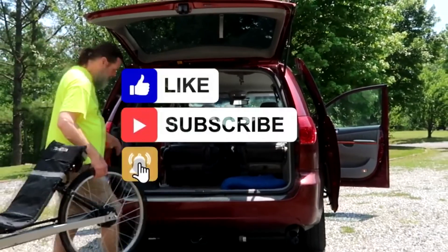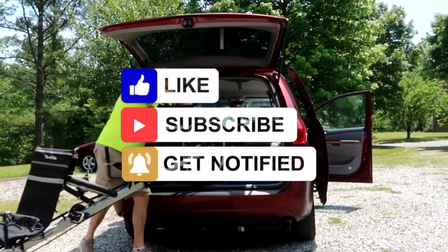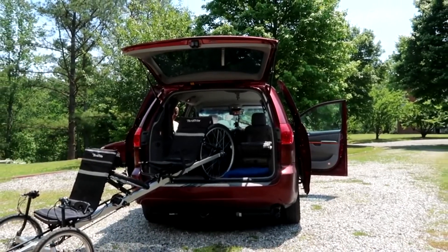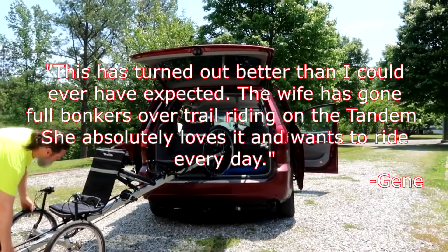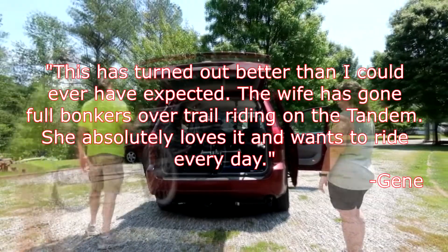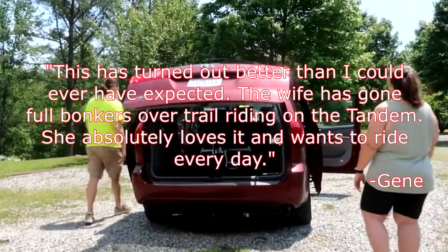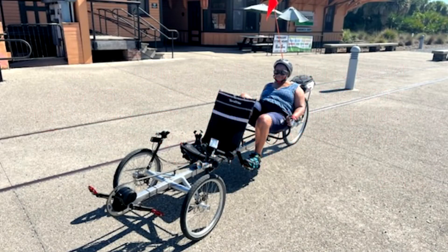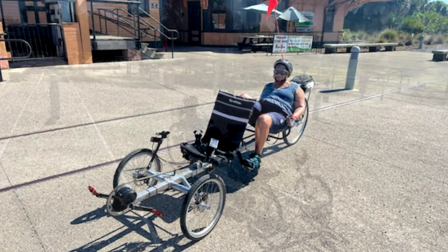This is the fourth and final chapter for the TerraTrike Rover, at least for us. I'm going to load it up in the van and it'll be headed to Florida, where there are nice beautiful flat trails and it should get a lot of use. That's it — the TerraTrike Rover is no longer with us. Thanks for watching, until next time, cheers.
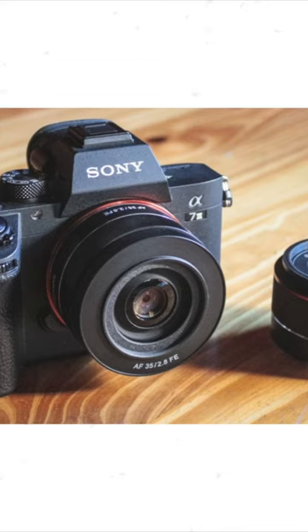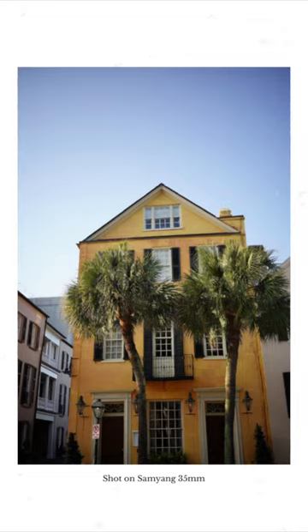Samyang 35 millimeter lens for the Sony camera system. This is a super cheap lens — around a hundred bucks — and it's actually amazing. I've loved the stills it's been able to take.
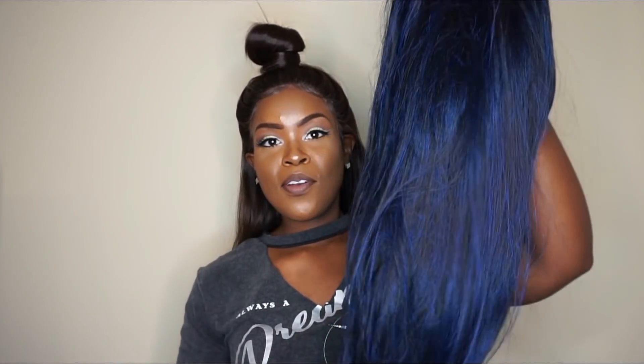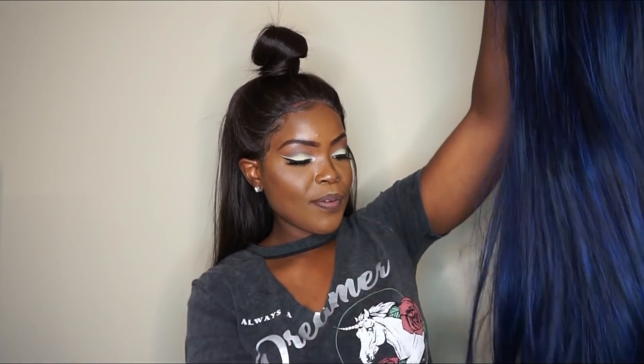Alright guys, this is the wig right here. Y'all see how blue it is? It's mostly blue rather than black, and I love that. The color kind of reminds me of another wig I had. I'm running my hand through her — I'm not getting any shedding. Y'all look how pretty she is!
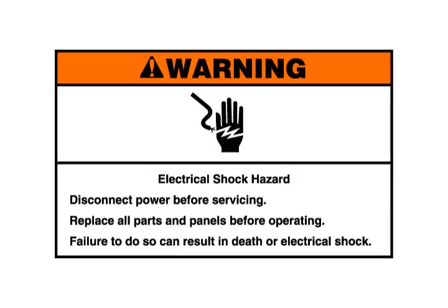Electrical shock hazard. Disconnect power before servicing. Replace all parts and panels before operating. Failure to do so can result in death or electrical shock.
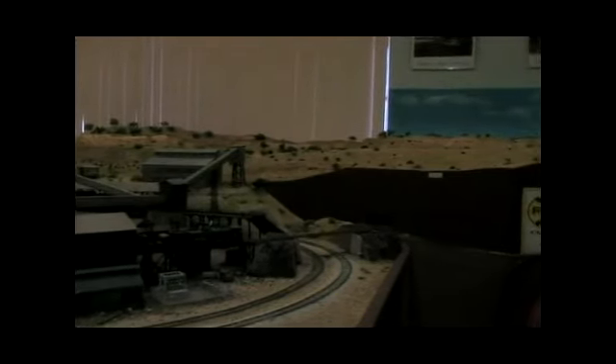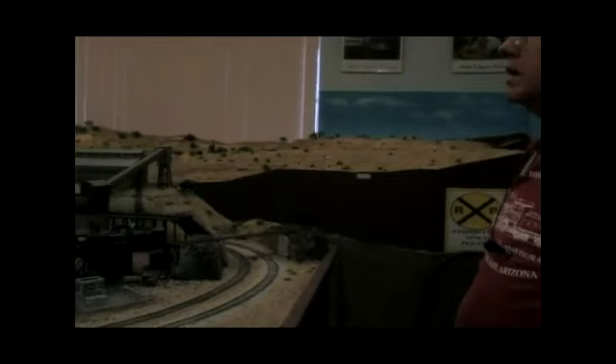The narrow gauge actually ran again during the First World War because of copper shortages, but about 1920 that wasn't needed anymore and they just relied on all the standard gauge railroads that ran out of Clarkdale out to the big world with the processed ore.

■ ASSIGNMENT: Please copy the data shown above, line by line and exactly, omitting the images.

■ SOLUTION BELOW:
This is the fourth and final chapter for the TerraTrike Rover, at least for us. I'm going to load it up in the van and it'll be headed to Florida, where there are nice beautiful flat trails and it should get a lot of use. That's it — the TerraTrike Rover is no longer with us. Thanks for watching, until next time, cheers.
Samyang 35 millimeter lens for the Sony camera system. This is a super cheap lens — around a hundred bucks — and it's actually amazing. I've loved the stills it's been able to take.
Alright guys, this is the wig right here. Y'all see how blue it is? It's mostly blue rather than black, and I love that. The color kind of reminds me of another wig I had. I'm running my hand through her — I'm not getting any shedding. Y'all look how pretty she is!
Electrical shock hazard. Disconnect power before servicing. Replace all parts and panels before operating. Failure to do so can result in death or electrical shock.
The narrow gauge actually ran again during the First World War because of copper shortages, but about 1920 that wasn't needed anymore and they just relied on all the standard gauge railroads that ran out of Clarkdale out to the big world with the processed ore.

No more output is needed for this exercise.